International Conference on Applied Linguistics to Language Teaching
conexión

Under the auspices of CercleS

KEY SPEAKERS

Master Lectures

Jeanette Littlemore

Jeannette Littlemore is a Professor of Applied Linguistics in the Department of English Language and Linguistics at the University of Birmingham. She has a PhD in English Language Teaching from the Thames Valley University. Her research focuses on figurative language and explores the facilitative and debilitative role played by metaphor and metonymy in language education and in cross-linguistic communication. She is interested in the ways in which emotional experiences drive the use of creative figurative language.

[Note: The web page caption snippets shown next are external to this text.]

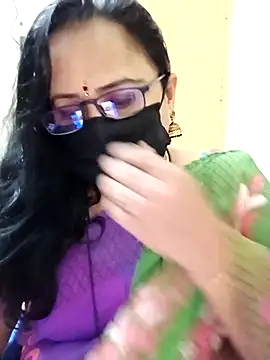 Snapshot of monisha_cam chatting on April 2026 08:19:01 AM monisha cam online show from April 2026 08:19:01 AM
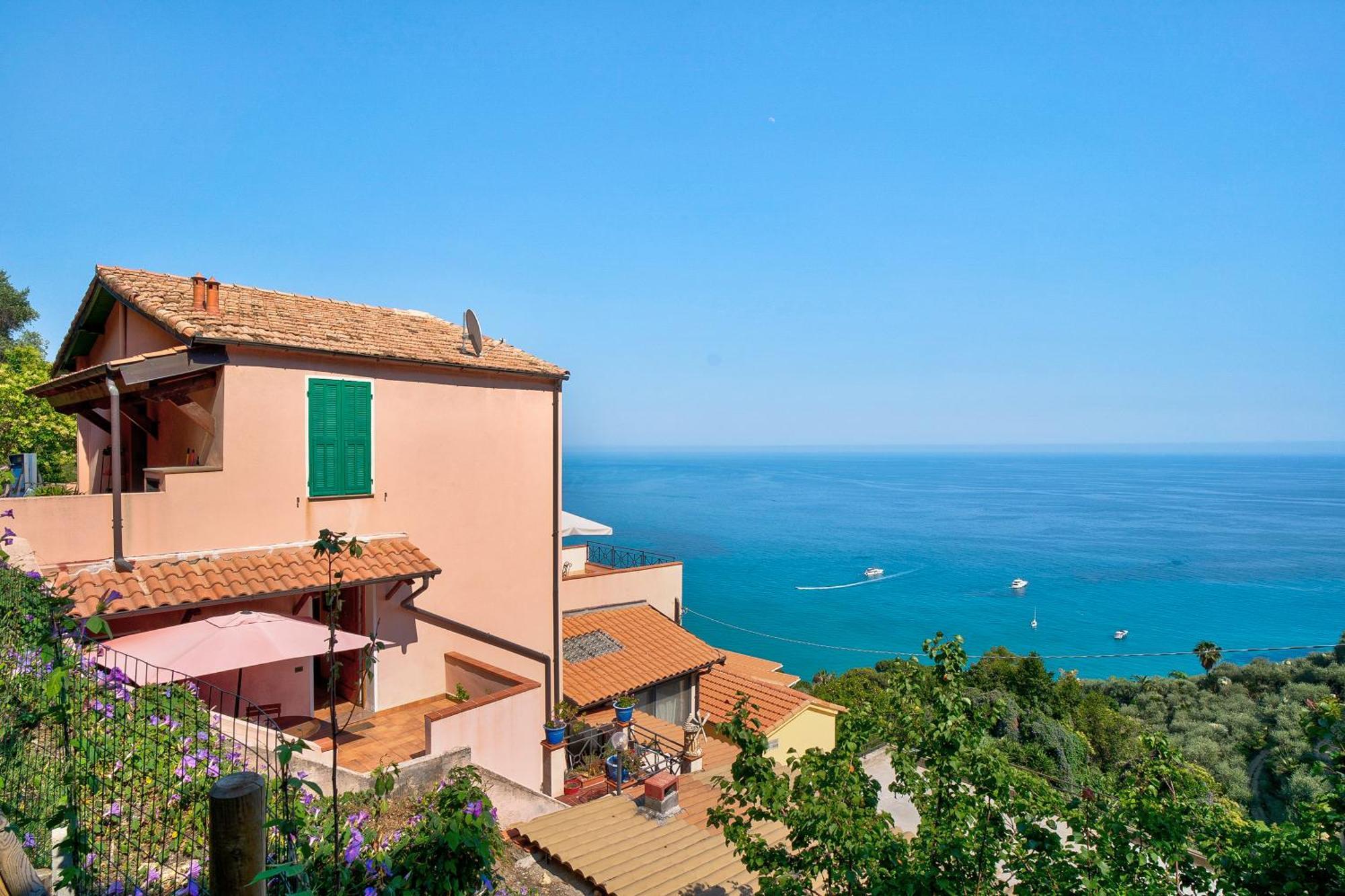 Casa Scotland Lejlighed Ventimiglia Eksteriør billede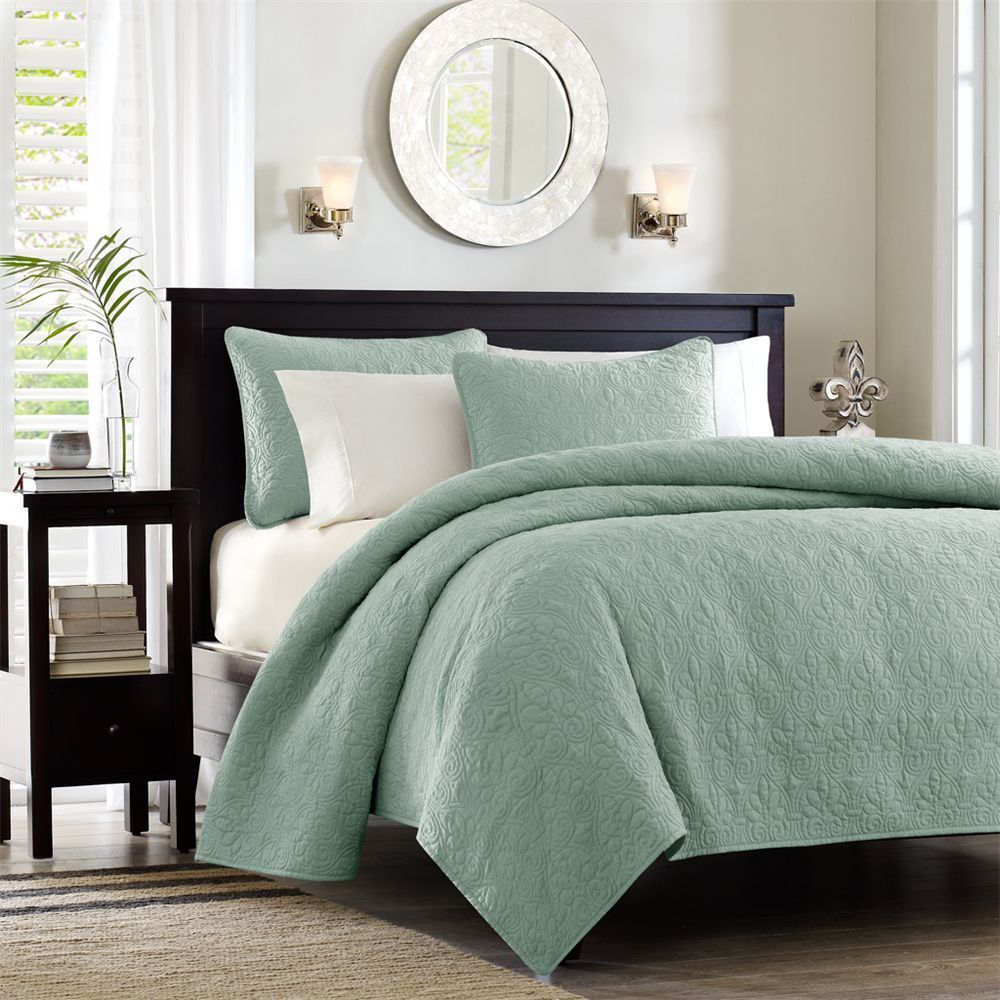 New in Package Madison Park Seafoam King Coverlet Set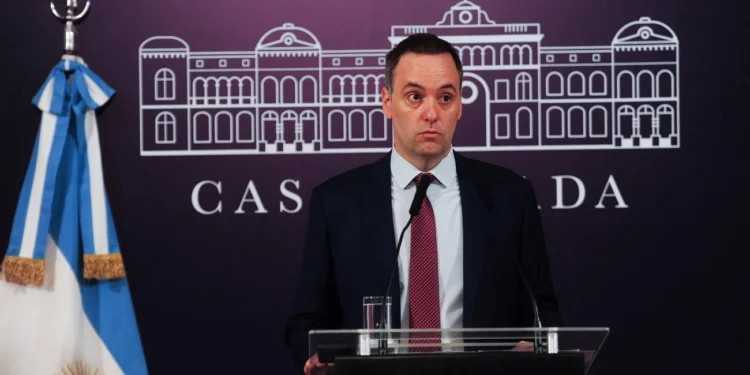 Dos funcionarios de la Vocería presidencial rinden declaración sobre compras para Manuel Adorni
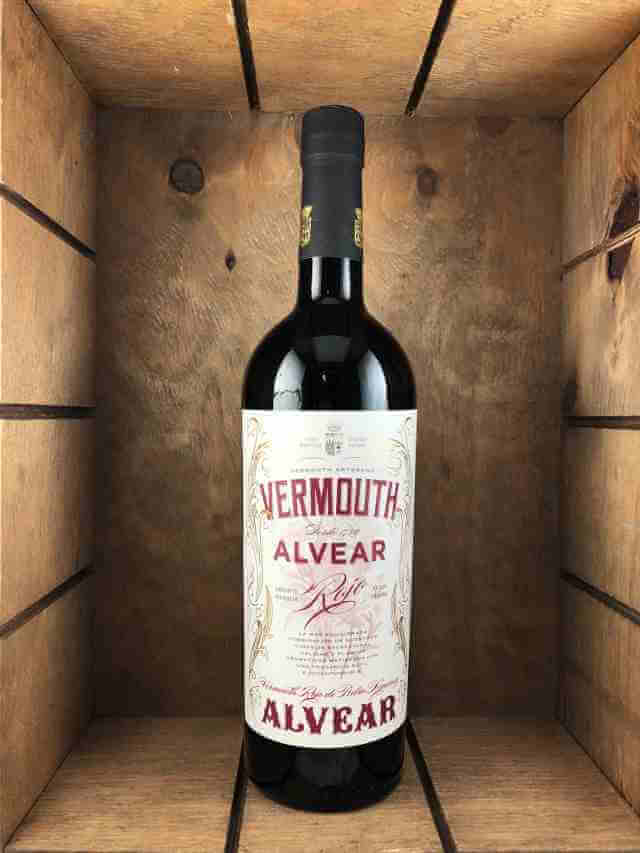 Botella de vermut Alvear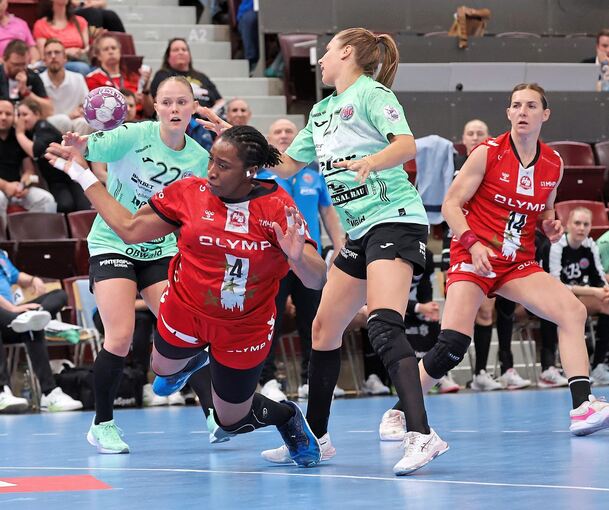 Eine Szene aus dem ersten Halbfinalspiel: Ludwigsburgs Kaba Gassama (Mitte) entwischt am Kreis den Thüringerinnen Rikke Hoffbeck Petersen (links) und Kerstin Kündig. Rechts beobachtet Karolina Kudlacz-Gloc den Angriffsversuch ihrer spanischen Teamkol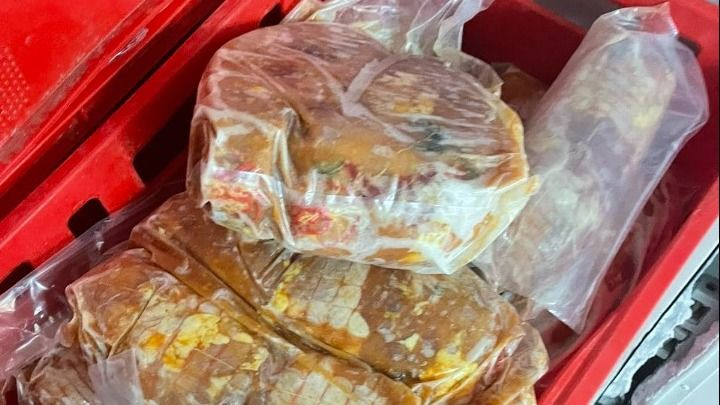 Κατάσχεση 3,5 τόνων ακατάλληλων κρεάτων στον Πειραιά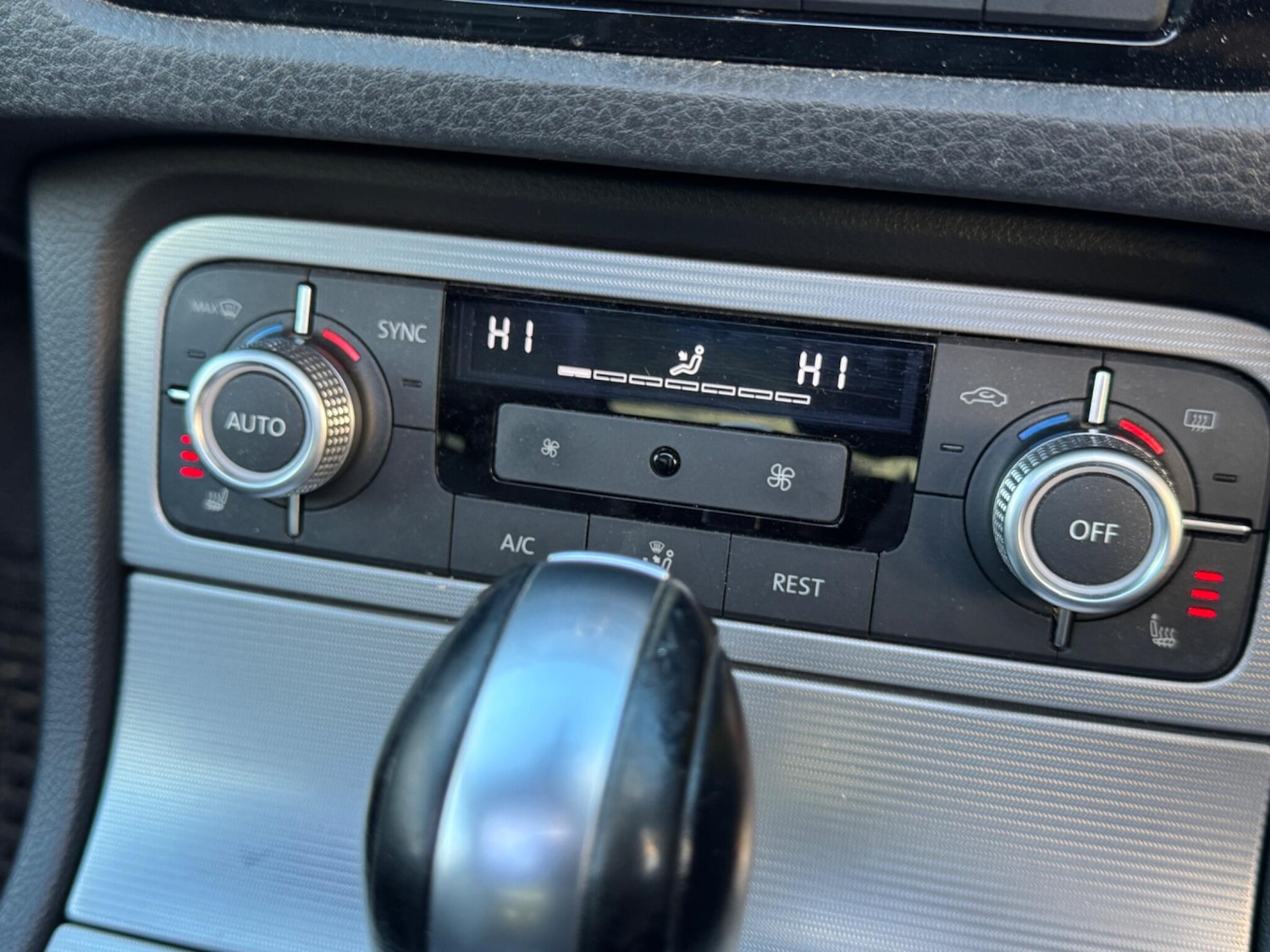 Used Volkswagen Touareg 2015 for sale - 76472615: Photo 31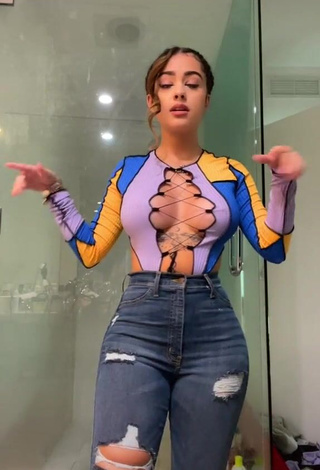 1. Lovely Malu Trevejo Shows Cleavage in Crop Top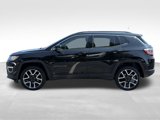 Used 2018 Jeep Compass Limited w/ Navigation Group image 2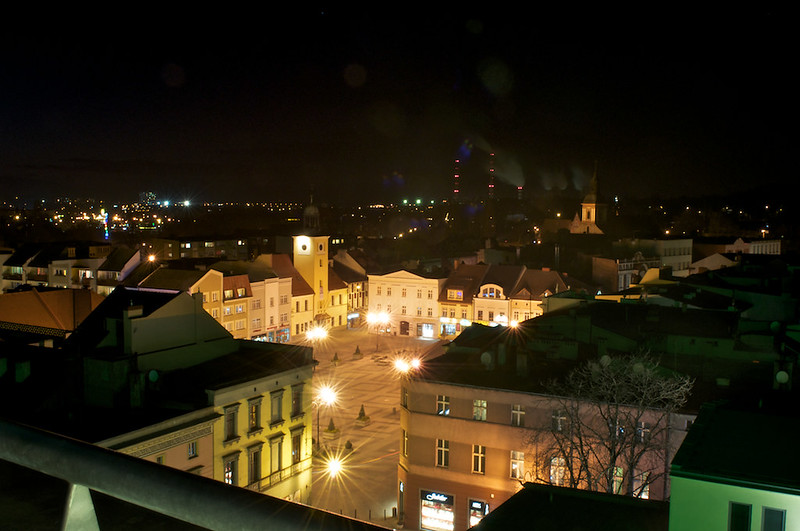 rybnik market square by night<br/>© <a href="https://flickr.com/people/50740006@N08" target="_blank" rel="nofollow">50740006@N08</a> (<a href="https://flickr.com/photo.gne?id=5509661172" target="_blank" rel="nofollow">Flickr</a>)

Her monographs include: Unpacking Creativity: The Power of Figurative Communication in Advertising, (with Paula Pérez-Sobrino and Samantha Ford, Cambridge University Press, 2021), Metaphors in the Mind: Sources of Variation in Embodied Metaphor (Cambridge University Press, 2019), Metonymy: Hidden Shortcuts in Language, Thought and Communication (Cambridge University Press, 2015); Figurative Language, Genre and Register (with Alice Deignan and Elena Semino, Cambridge University Press, 2013); Doing Applied Linguistics (with Nicholas Groom, Routledge 2011); Applying Cognitive Linguistics to Second Language Learning and Teaching (Palgrave MacMillan, 2009) and Figurative Thinking and Foreign Language Learning (with Graham Low, Palgrave MacMillan, 2006).

Lola Pons

Lola Pons Rodríguez is a Spanish philologist and professor in the Department of Spanish Language, Linguistics and Theory of Literature at the University of Seville, where she obtained her PhD. Her research focuses mainly on the history of the Spanish language, with attention to phenomena of historical syntax, text editing and discourse, topics on which she has published several books, various works in magazines and specialized chapters. In addition to diachronic variation, she has also been interested in other fields of variation, to which she has dedicated some publications, for example, on the Spanish of America, the Spanish spoken in Andalusia or urban sociolinguistics. On this aspect, she has opened a line of research in which she studies the language of signs located in public spaces, that is, the linguistic landscape, a question on which she has published a monographic book and some articles. Linguistic landscape and history of the language are different samples of the same interest in the documentary recovery of texts that remain unpublished or that are destined to be ephemeral.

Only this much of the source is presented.